Apache Kafka Tutorial, Part 1

Part 1: “First Steps”: Overview & Architecture

In this tutorial, I provide a broad overview on the Kafka technology for development and operations as well covering the following steps. In the first tutorial, you have:

  • A basic understanding of the Kafka architecture
  • A single node Kafka installation up and running
  • Using the command line interface, you can start a producer and send information
  • Using the command line interface, you can start a consumer and receive information

Please note that we do not discuss the scenarios when to use Kafka. Also, the tutorial is based on Windows 10. If you work with Linux, some of the commands in section 1 might differ.

1.1 Kafka Architecture

From the perspective of developers, Kafka is a pub/sub (publish and subscribe) solution enabling various applications to talk with each other. The senders (or “producers” in Kafka terminology) do not have to know who might be interested in the messages or events they share. They publish information related to certain topics. The receivers (or “consumers” in Kafka) also do not have to know who exactly creates events and message they are interested in. They just have to subscribe to a topic and get all the information.

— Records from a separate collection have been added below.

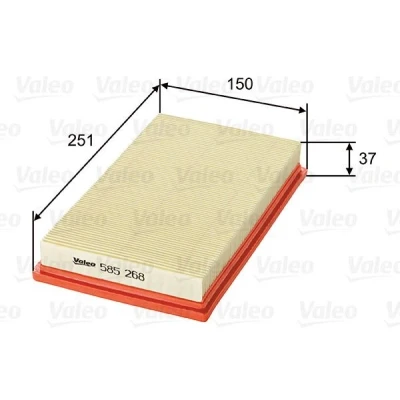 Billede af VALEO 585268 Luftfilter 37 150 251 Filterindsats SUZUKI: IGNIS 2, Wagon R+ II Hatchback, SUBARU: JUSTY 4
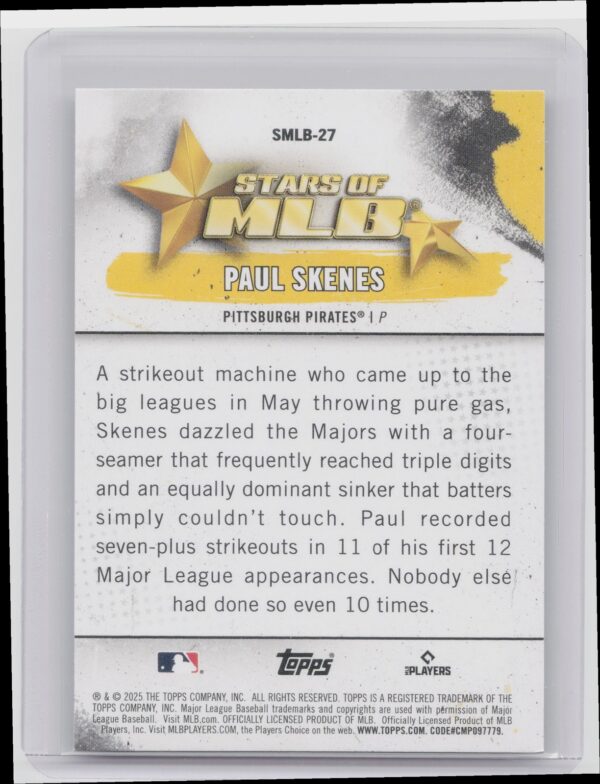 2025 Topps Paul Skenes #SMLB-27 Pirates Stars of MLB - Image 3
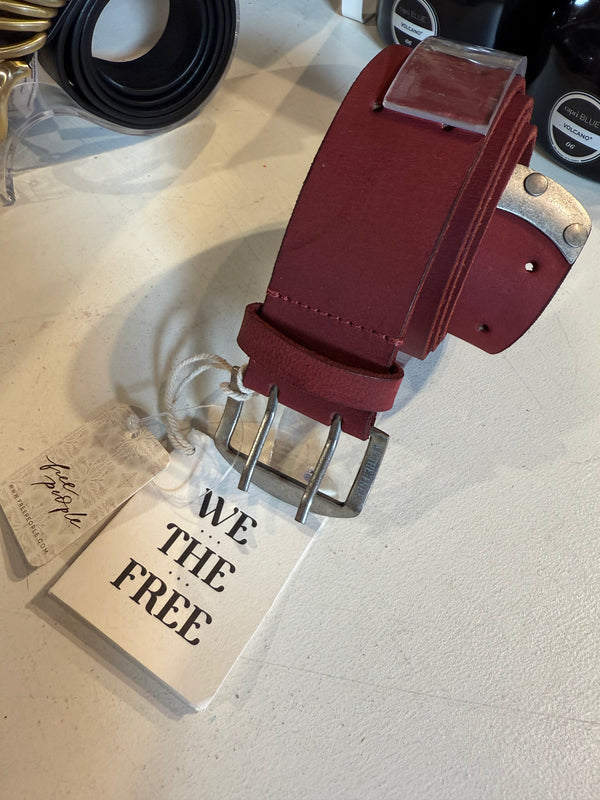 Free People WTF Double Cross Belt Crimson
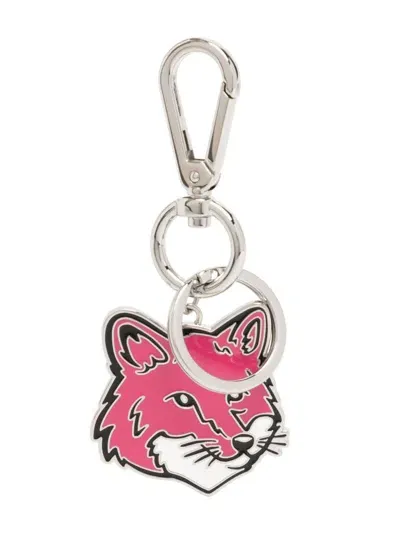 Maison Kitsuné Fox-charm Carabiner Keyring In Pink & Purple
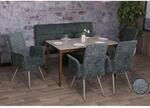 Esszimmer-Set MCW-G55, 4er-Set Stuhl mit Armlehne+Sitzbank 160cm, Edelstahl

From an administrator perspective, a Kafka installation consists of a Zookeeper application as a kind of orchestrator and one or more brokers that provide the actual functionality for producers and consumers.

This first tutorial focuses on a simple installation: one Zookeeper instance and one broker as illustrated in the figure below. Load balancing and fault-tolerance are discussed in Part 2 Kafka Fault Tolerance using Replica and Part 3 Kafka Throughput Optimization using Partitions and Consumer Groups of my tutorial. Security topics are discussed in Part 4: Kafka Security Basics.

Figure 1: Simple Kafka architecture with one Kafka node and Zookeeper instance as used in the first part of the tutorial.

1.2 Prerequisite Java Run Time Environment

Kafka requires a running Java runtime environment. You can type in “Java -version” in a command shell to verify this. As a result, you get the installed version number. This tutorial bases on java version “13.0.1” 2019-10-15. If the system returns the error message 'Java' is not recognized as an internal or external command, operable program or batch file. you have to install a Java Runtime Environment or finish the installation by configuring path variables.

1.3 Download and Install Kafka Files

You can download Kafka from this webpage: https://kafka.apache.org/downloads. This tutorial bases on version 2.4.0 and binary build 2.13 from December 16th, 2010 and the name of the downloaded file is kafka_2.13-2.4.0.tgz.

After the download is completed, unpack the file. You should now see a folder kafka_2.13-2.4.0.

1.4 Configure and Start Kafka

There are two configuration files, one for the Zookeeper instance and one for the/a Kafka server. The files are:

kafka_2.13-2.4.0\config\zookeeper.properties

and

kafka_2.13-2.4.0\config\server.properties

The only configuration you have to do is setting the path for all the log files in the server.properties file by defining the log.dirs property:

# A comma separated list of directories under which to store log files
log.dirs=C:\Users\yourusername\kafka_2.13-2.4.0\logs_server0

To get a better understanding of the Kafka installation, you might be interested in checking the parameters for the connection from the Kafka server to the Zookeeper. In the Zookeeper’s property file, there is a parameter that defines on which port the Zookeeper is listening for Kafka servers:

# the port at which the clients will connect
clientPort=2181

The Kafka properties file defines where to connect to a Zookeper instance:

zookeeper.connect=localhost:2181

Thus, in case of this simple installation, the Kafka server will look for a Zookeeper on the local machine.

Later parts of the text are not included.